Apesar de tudo, frisa, é de salientar o número de adoções registadas pela associação. Em 2021, por exemplo, foram 59, aproximando-se muito do número de recolhas (68). Em 2022 já foram adotados 16 cães. Tal deve-se ao facto de terem “ajuda de uma associação sueca”, diz a dirigente. “Normalmente conseguimos até fazer mais adoções no estrangeiro, e através dessa associação da Suécia, na qual confiamos bastante, e depois acompanhamos o processo, para onde vão, recebemos fotografias…”. Em Portugal, frisa, a “questão do bem-estar animal ainda está muito aquém” do esperado.

 

ESTERILIZAÇÃO "É O GRANDE PASSO PARA ACABAR COM O ABANDONO" 
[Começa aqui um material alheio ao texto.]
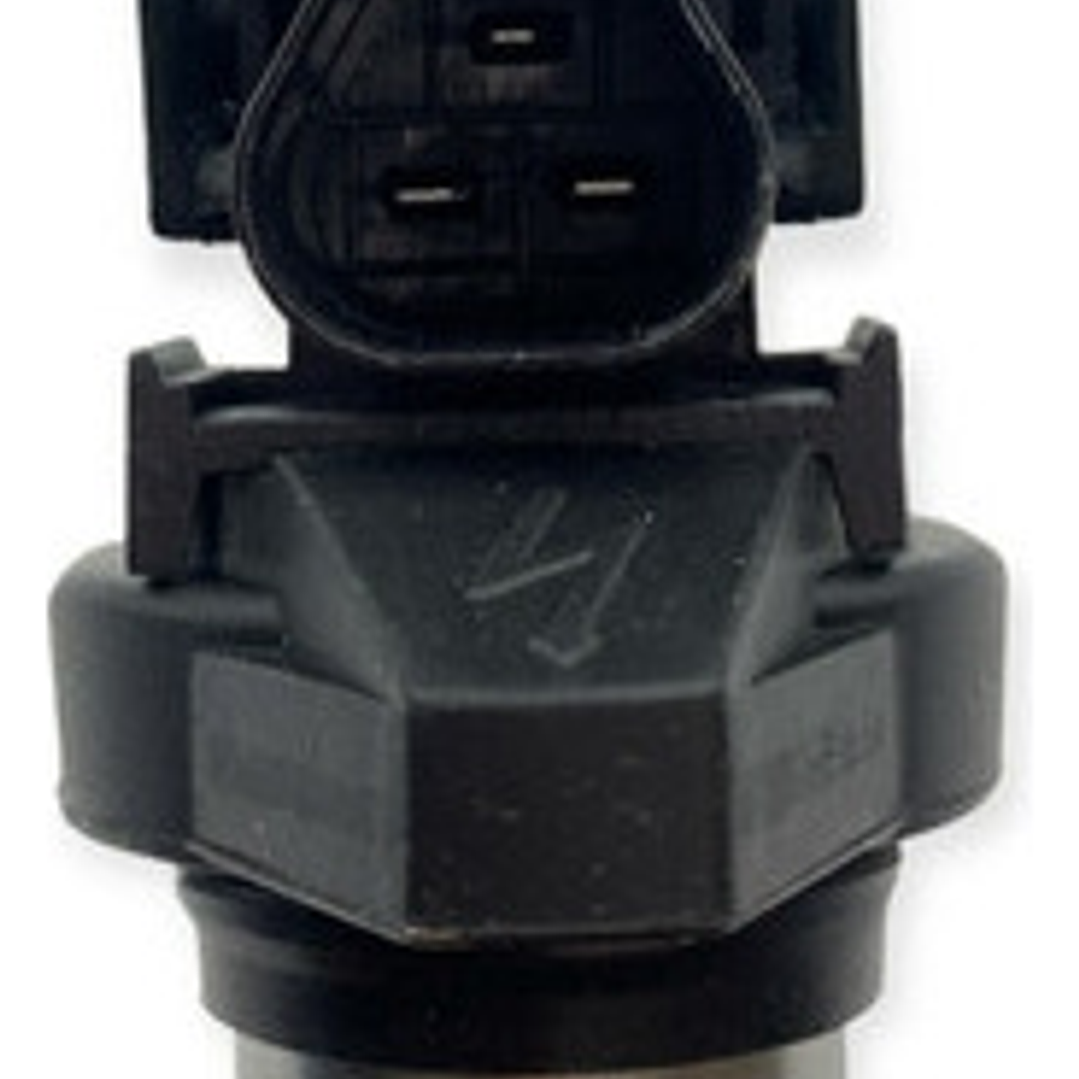 Bobina Encendido Para Peugeot Rcz 1.6 2011-2016 Ep6cdt 4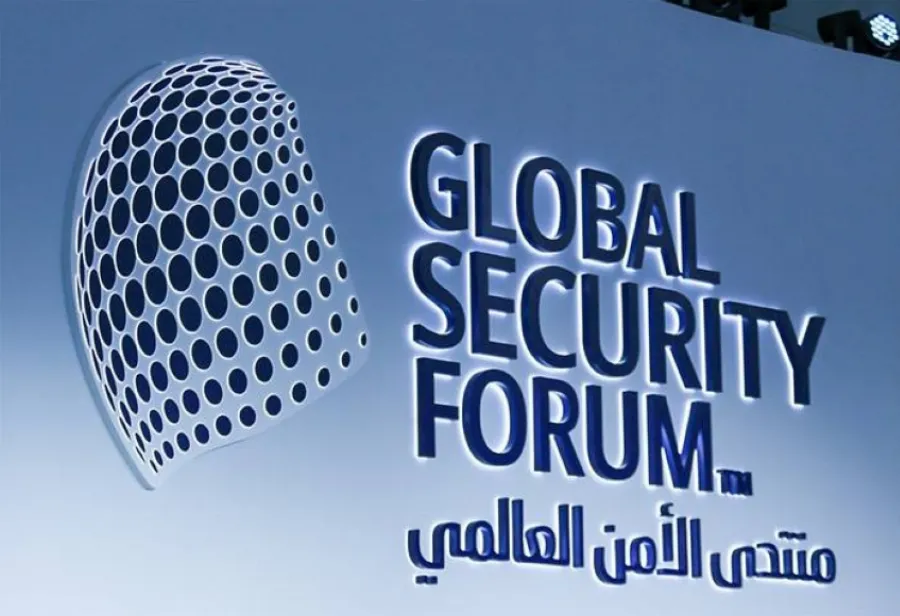 انطلاق أعمال منتدى الأمن العالمي 2026 في الدوحة بمشاركة أكثر من 100 دولة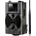 Suntek HC 300m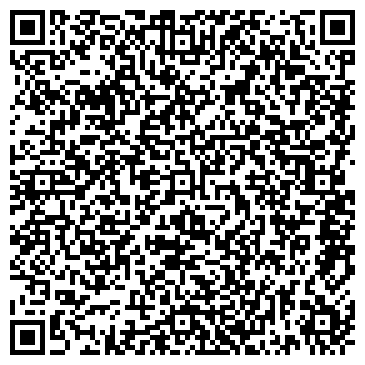 QR-код с контактной информацией организации ООО «ЭСК Гарант»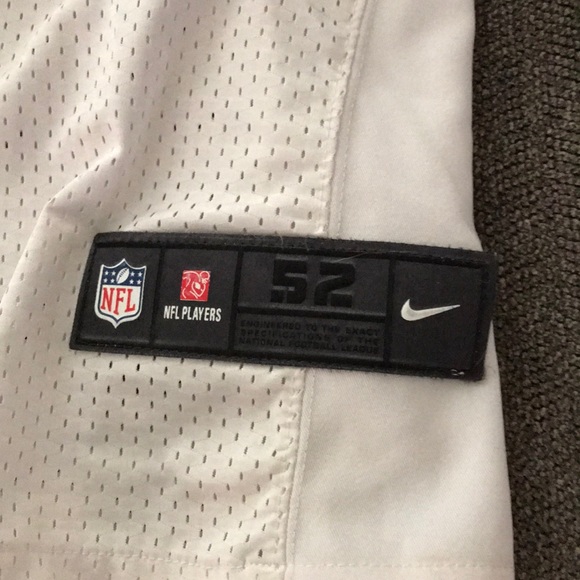 Ryan Tanehill jersey - Picture 2 of 3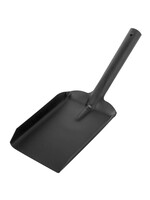 inglenook Metal Coal Shovel 5.5”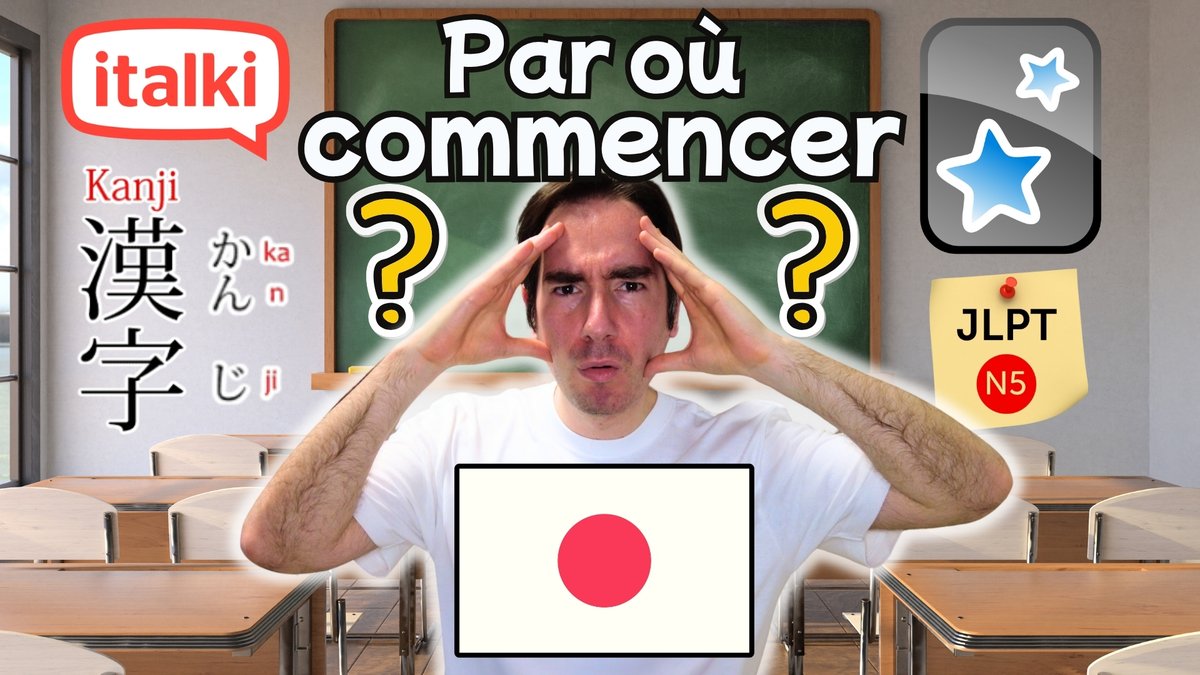 Ryo_Saeba_3's tweet image. Si tu t&apos;intéresses au contenu sur le Japon ou que tu prépares un voyage, n&apos;hésite pas à aller faire un tour sur ma chaine Youtube : youtube.com/channel/UC7tmv…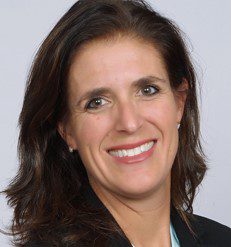 Cardno's Paul Jones Receives Appointment to National Oil & Gas Transportation Infrastructure Subcommittee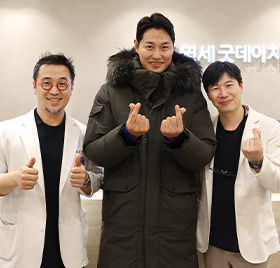 최현호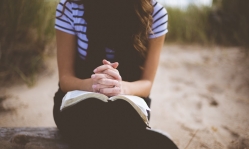 YWAM urges supporters to recommit to prayer: 'Many are aware of the critical time we are in as a mission'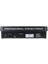 Fırsat Byr MV-P800 8 Kanal Usb-Bluetooth Destekli Deck Mixer Yeni 3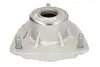 803332 PODUSZKA AMORTYZATORA BMW SACHS підбір по vin на Brocar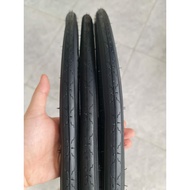 Kenda 700 x 25c outer tire, fixie bike outer tire, road bike
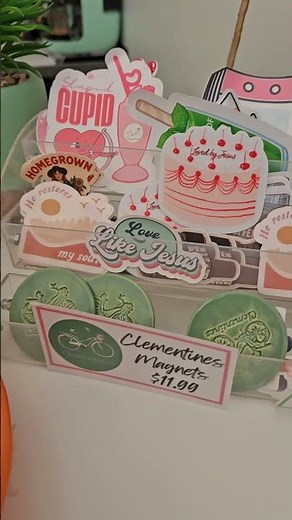Best Gluten-Free & Dairy-Free Café in Bradenton, FL | Hidden Gem | Clementines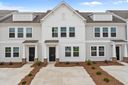 656 Blossom Run sold home in Spartanburg, SC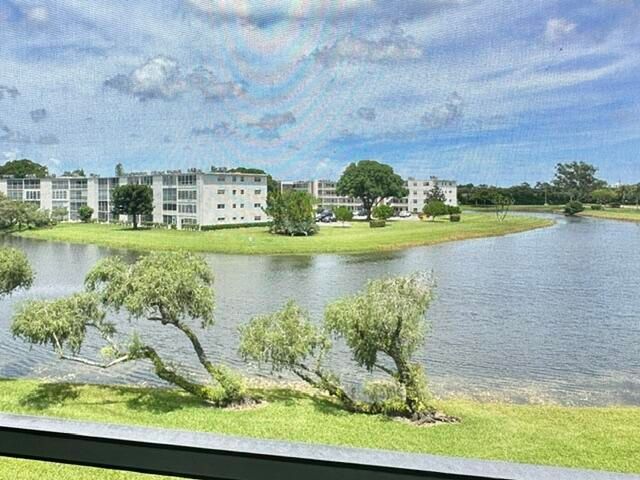 3008 Guildford A, Boca Raton, FL 33434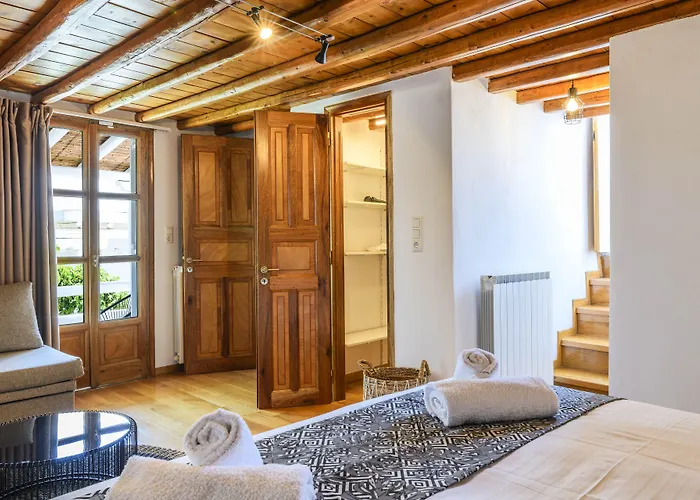 ホテル Dimele & 2*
A presidente da associação Os Rafeiritos do Alentejo defende como uma das principais medidas para combater o abandono animal “a esterilização obrigatória para a maioria dos animais de companhia, evitando, assim, o nascimento de ninhadas indesejadas que vão acabar na rua, em sofrimento e prolongado este ciclo vicioso”. “A esterilização é o grande passo para acabar com o abandono”, reforça.

 

Ana Morgado considera ainda que deve existir “uma maior fiscalização e atuação das entidades oficiais para o cumprimento da legislação em vigor, por exemplo, maus tratos e obrigatoriedade da identificação eletrónica”, assim como uma mudança “de comportamentos e mentalidades através de ações de sensibilização à população, e, principalmente, nas escolas, ações essas que os Rafeiritos fazem questão de fazer”.

 

Também no entender do presidente do conselho de administração da Resialentejo, “é necessário continuar a sensibilizar a população para a importância da esterilização e da identificação eletrónica dos animais de companhia, sendo estas duas ferramentas essências para o combate ao abandono”. Em paralelo, diz Marcelo Guerreiro, “torna-se necessário reforçar a fiscalização para se identificar animais não identificados eletronicamente e continuar a penalizar criminalmente os maus tratos animais, onde se inclui o abandono”.

 

No caso concreto de Mértola, diz a médica veterinária Eugénia Santana Alho, seria “importantíssimo que as zonas de caça fizessem cumprir a legislação e só deixassem caçar cães com microchip registado”. “Infelizmente não há essa preocupação, na grande maioria dos casos (…). O Sepna, por mais fiscalizações que faça, porque tem uma equipa extraordinária em Mértola, com o grande número de caçadas que existe no concelho não é possível um controlo mais apertado e os caçadores arriscam inexplicavelmente, porque o microchip colocado por um médico veterinário municipal não tem custos”.